**What to work on:**
Show every line of the records below that contains the word "Golden".

**Given entries:**

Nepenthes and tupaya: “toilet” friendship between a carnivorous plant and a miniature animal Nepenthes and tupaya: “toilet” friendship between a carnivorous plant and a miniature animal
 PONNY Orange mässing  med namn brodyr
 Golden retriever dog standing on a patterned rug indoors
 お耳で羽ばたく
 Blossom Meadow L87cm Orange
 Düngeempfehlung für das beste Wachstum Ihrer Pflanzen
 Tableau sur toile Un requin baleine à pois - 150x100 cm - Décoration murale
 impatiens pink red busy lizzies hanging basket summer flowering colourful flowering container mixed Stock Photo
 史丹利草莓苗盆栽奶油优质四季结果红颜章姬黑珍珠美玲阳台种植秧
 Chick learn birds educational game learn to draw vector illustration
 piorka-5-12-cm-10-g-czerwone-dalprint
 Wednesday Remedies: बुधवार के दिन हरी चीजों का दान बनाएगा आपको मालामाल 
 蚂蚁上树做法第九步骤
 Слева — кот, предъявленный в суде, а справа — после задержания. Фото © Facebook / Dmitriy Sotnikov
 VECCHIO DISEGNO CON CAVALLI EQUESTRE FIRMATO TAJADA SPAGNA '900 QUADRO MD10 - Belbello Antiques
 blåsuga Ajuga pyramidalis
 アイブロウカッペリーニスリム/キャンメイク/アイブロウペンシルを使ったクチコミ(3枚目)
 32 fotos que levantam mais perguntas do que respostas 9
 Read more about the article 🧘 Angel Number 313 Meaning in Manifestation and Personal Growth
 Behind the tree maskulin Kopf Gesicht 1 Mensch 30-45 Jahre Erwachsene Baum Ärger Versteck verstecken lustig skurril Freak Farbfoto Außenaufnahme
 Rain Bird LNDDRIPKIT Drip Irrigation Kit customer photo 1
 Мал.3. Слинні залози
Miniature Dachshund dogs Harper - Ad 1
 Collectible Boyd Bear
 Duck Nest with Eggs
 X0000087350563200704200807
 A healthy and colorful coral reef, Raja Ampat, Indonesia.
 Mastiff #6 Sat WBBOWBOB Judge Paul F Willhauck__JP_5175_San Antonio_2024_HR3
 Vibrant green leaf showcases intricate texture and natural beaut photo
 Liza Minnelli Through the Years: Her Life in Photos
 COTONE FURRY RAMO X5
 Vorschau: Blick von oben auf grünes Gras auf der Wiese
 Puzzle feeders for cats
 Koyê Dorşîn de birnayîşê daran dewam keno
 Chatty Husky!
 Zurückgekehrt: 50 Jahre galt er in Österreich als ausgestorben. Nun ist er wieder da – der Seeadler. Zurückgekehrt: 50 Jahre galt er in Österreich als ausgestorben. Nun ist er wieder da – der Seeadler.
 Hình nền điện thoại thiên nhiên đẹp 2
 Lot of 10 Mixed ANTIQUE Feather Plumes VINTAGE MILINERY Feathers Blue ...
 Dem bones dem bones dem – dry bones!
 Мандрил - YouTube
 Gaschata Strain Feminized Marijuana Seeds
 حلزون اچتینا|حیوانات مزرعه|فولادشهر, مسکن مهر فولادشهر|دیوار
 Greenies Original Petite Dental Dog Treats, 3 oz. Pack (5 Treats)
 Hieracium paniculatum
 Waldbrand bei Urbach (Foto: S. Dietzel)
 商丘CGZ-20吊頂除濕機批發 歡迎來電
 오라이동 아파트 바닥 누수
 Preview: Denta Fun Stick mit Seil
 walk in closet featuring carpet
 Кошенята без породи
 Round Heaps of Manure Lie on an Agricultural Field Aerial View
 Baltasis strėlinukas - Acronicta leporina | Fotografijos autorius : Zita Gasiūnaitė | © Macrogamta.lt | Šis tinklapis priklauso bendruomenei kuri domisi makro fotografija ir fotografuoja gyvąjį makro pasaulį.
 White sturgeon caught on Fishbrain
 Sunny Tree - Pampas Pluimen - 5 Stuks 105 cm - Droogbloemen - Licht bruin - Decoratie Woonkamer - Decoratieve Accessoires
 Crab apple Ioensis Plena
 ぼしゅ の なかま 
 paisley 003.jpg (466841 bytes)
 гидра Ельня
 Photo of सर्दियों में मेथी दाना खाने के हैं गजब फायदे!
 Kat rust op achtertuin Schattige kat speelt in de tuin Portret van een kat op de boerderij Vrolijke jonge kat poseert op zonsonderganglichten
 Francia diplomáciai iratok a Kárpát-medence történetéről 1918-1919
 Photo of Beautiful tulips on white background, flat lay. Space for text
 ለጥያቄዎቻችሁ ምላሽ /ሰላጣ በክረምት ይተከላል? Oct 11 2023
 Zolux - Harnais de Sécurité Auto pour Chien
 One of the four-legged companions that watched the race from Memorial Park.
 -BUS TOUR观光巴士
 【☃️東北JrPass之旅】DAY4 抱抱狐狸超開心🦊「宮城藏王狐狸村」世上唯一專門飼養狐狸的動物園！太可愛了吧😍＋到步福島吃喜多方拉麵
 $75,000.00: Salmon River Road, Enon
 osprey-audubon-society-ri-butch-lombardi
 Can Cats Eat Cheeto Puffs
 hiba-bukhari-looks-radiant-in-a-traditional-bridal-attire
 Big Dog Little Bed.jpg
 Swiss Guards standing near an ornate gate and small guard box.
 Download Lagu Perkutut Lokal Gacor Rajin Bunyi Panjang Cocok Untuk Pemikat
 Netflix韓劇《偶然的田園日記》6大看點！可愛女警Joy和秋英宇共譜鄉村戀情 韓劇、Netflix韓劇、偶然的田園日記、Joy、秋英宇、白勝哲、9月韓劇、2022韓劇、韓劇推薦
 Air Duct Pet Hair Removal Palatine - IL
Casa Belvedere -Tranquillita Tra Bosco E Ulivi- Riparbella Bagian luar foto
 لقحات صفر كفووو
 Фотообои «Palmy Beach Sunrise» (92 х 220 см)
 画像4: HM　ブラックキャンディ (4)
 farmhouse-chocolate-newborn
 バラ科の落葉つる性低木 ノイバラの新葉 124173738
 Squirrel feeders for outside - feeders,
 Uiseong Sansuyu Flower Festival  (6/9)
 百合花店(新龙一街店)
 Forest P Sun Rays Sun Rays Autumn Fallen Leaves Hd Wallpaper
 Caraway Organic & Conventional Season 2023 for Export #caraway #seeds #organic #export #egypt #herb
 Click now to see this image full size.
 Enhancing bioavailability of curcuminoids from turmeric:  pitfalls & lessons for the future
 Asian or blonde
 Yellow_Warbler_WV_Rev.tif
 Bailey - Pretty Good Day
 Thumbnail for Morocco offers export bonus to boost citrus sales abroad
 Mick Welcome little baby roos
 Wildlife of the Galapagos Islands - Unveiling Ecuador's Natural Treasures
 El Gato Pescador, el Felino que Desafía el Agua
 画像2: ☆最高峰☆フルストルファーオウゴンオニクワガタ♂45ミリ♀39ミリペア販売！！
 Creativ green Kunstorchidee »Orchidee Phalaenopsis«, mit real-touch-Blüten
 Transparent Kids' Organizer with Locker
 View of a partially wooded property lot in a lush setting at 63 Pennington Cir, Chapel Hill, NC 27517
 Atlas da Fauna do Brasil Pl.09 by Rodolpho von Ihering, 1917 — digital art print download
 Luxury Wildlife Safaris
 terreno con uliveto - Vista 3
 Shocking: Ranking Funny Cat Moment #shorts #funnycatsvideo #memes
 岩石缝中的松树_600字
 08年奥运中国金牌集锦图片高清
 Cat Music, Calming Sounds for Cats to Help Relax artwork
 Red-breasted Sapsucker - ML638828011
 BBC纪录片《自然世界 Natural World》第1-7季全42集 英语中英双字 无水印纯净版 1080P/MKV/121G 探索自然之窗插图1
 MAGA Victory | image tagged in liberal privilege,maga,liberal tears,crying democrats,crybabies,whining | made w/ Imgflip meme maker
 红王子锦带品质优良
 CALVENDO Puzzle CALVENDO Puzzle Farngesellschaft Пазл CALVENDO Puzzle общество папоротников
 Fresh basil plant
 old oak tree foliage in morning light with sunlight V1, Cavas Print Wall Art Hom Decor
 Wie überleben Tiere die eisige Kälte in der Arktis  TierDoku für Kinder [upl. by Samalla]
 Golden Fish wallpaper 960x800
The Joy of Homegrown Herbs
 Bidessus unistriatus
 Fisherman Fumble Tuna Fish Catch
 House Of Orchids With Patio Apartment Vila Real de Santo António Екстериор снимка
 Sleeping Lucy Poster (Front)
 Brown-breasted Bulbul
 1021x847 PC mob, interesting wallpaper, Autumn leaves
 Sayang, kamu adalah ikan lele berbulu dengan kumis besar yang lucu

**Output for this task:**
 Golden retriever dog standing on a patterned rug indoors
 Golden Fish wallpaper 960x800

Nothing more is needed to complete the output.